An hour later it was in the news headlines: PM's speech goes viral.
It was a speech that moved many people — in some cases to their great astonishment because their usual response to yet another pollie speech is anger or cynicism, and with justification.
This time the PM hit the mark and millions of women around the world — and millions of men who respect women — cheered as her words made Abbott and his crew squirm and shrivel in their plush front-bench seats.
As one Facebook friend spelled out the reason for this speech going viral:
“There is no woman alive who hasn't wanted to call out some contemptuous fuck like that, at some time. Abbott's smarmy contempt reminds us of some bloke or five for whom our only value was how good we could make him feel about himself, and when the answer was not at all, directed a bucket load of anger and hate disguised as condescension and so-called humour. Gillard calling Abbott out ... was a reclaiming of ground, and a refusal to be branded a shrew for having enough.”
There was that. But there was also hypocrisy, gross hypocrisy. Not just in the politicians hypocritical carry on about sexist language in the private text messages of the speaker of the House of Representatives who was forced to resign after they were made public (what would we find if every politicians SMS history was made public?), but in the words of the PM herself.

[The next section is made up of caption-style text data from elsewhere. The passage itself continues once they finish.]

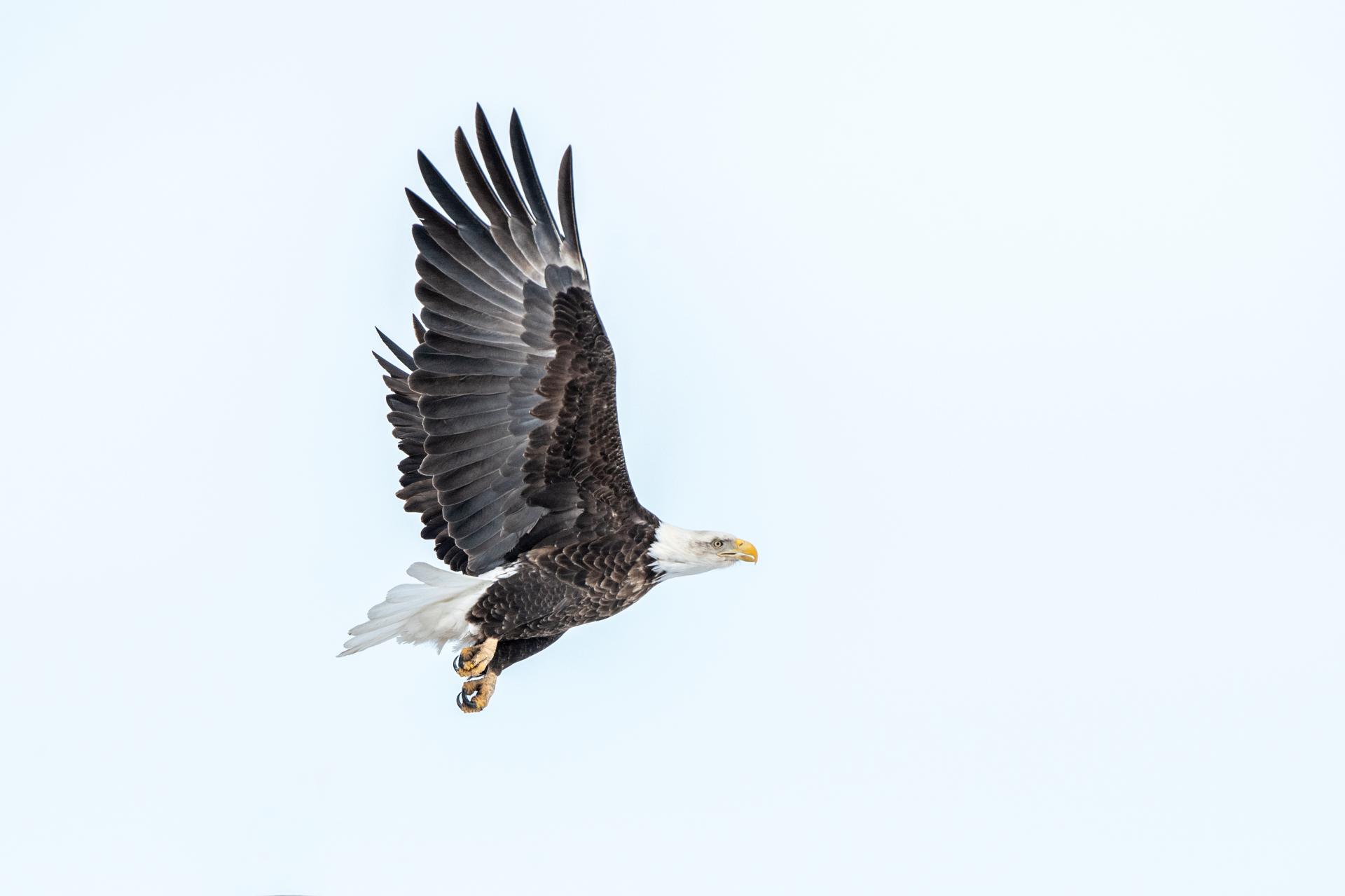 Global Photography Awards Winner - SPIRIT OF THE EAGLE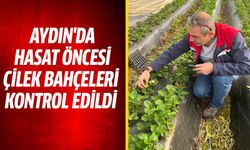 Aydın'da hasat öncesi çilek bahçeleri kontrol edildi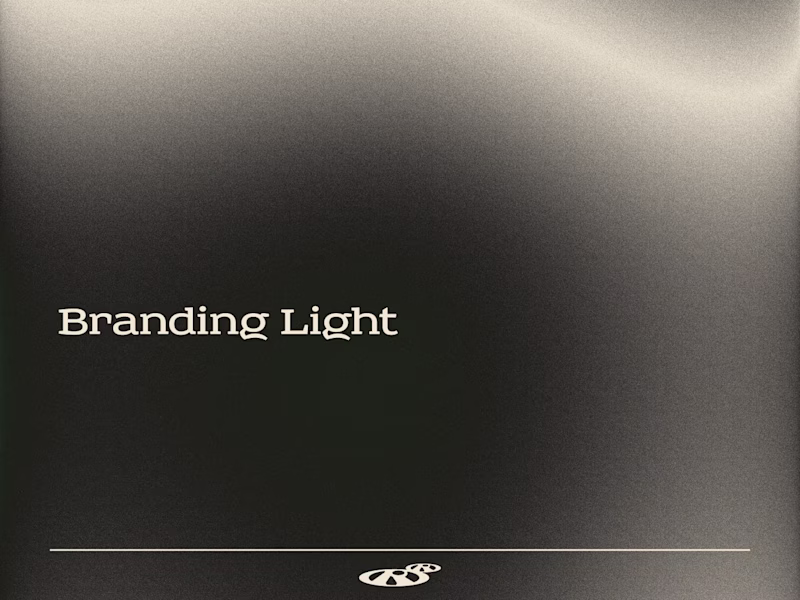 Cover image for Branding Light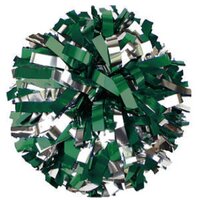 Dublin Scioto Cheer (@dshscheer) 's Twitter Profile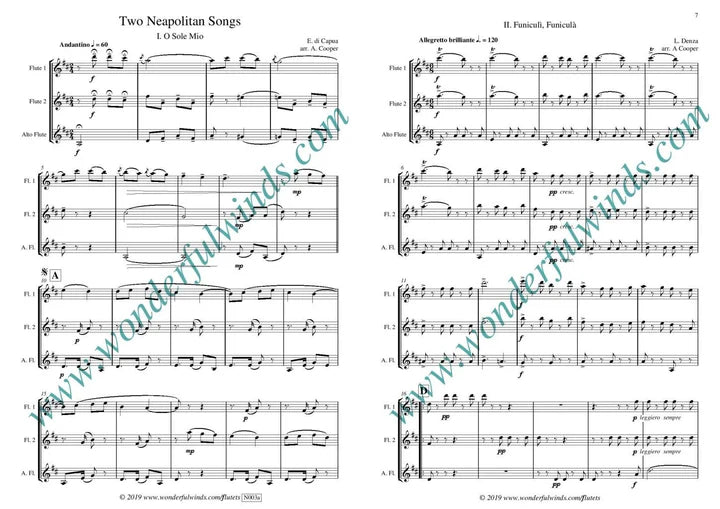 Two Neapolitan Songs - di Capua, E./Denza, L. for 3 flutes 2 flt 1 alto flt- digital download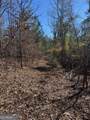 0 Brown Creek Road - Photo 22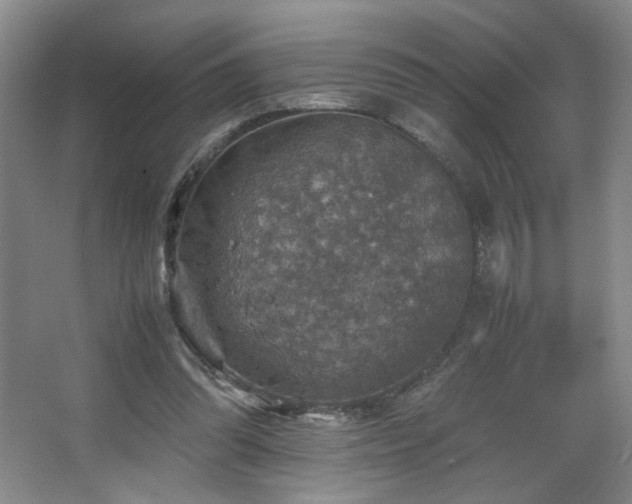 X0000067460302200604071135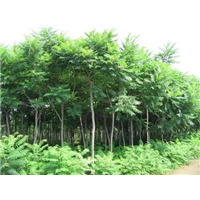 襄阳黄金嘧桃苗基地 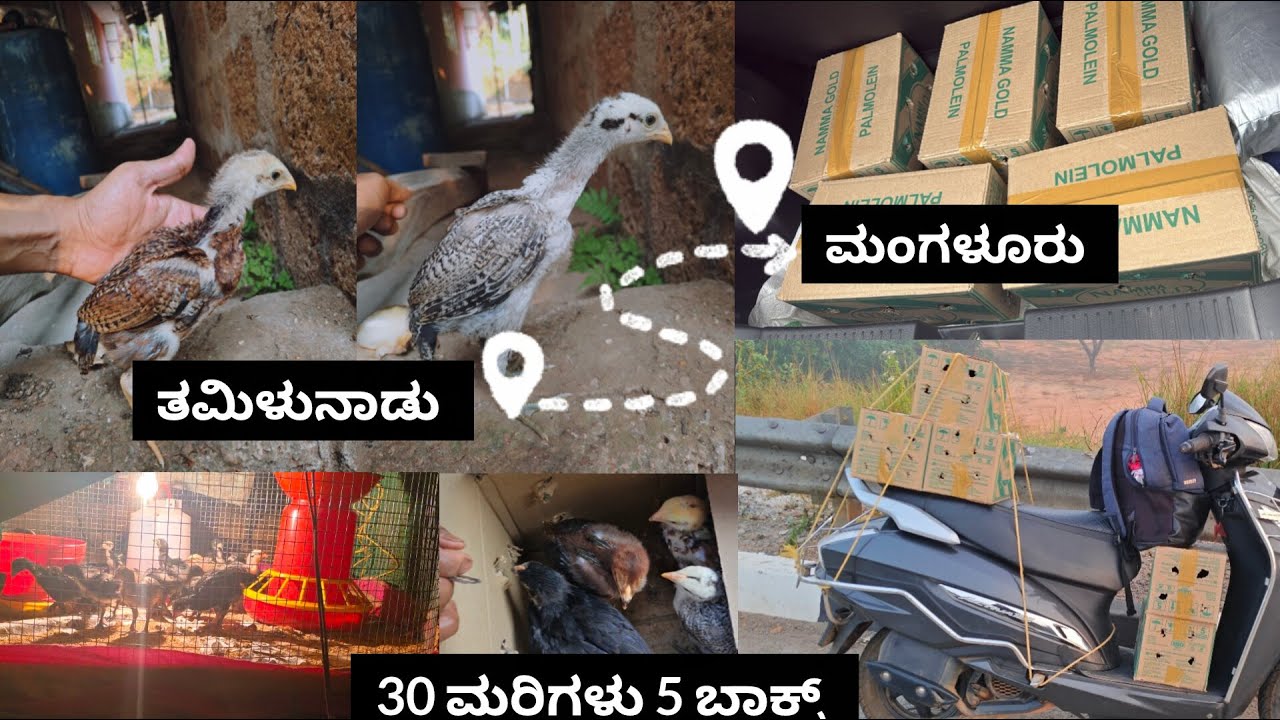 ತಮಿಳುನಾಡಿನಿಂದ ಮಂಗಳೂರಿಗೆ 30 ಸೇಲಂ ಕೋಳಿ ಮರಿಗಳು 🐥 | ಸಂಪೂರ್ಣ ಪ್ರಕ್ರಿಯೆ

Even as Gillard blasted the real sexism and misogyny in the opposition ranks, her government was pushing through legislation to brutally slash the income of single parents. This was a real blow against women, who comprise the great majority of single parents.
The new welfare laws cut single parent payments by between $56 and $140 a week. When it went to the vote in the Senate, only the Greens and two independent Senators voted against it.
Clearly sexism and misogyny are alive and kicking on both sides of parliament.
Green Left Weekly has been exposing the attacks on women that have been carried out by Liberal-National and Labor governments alike as they implement their shared neoliberal corporate-first agenda, which has widened the pay gap between men and women in Australia over the last 18 years.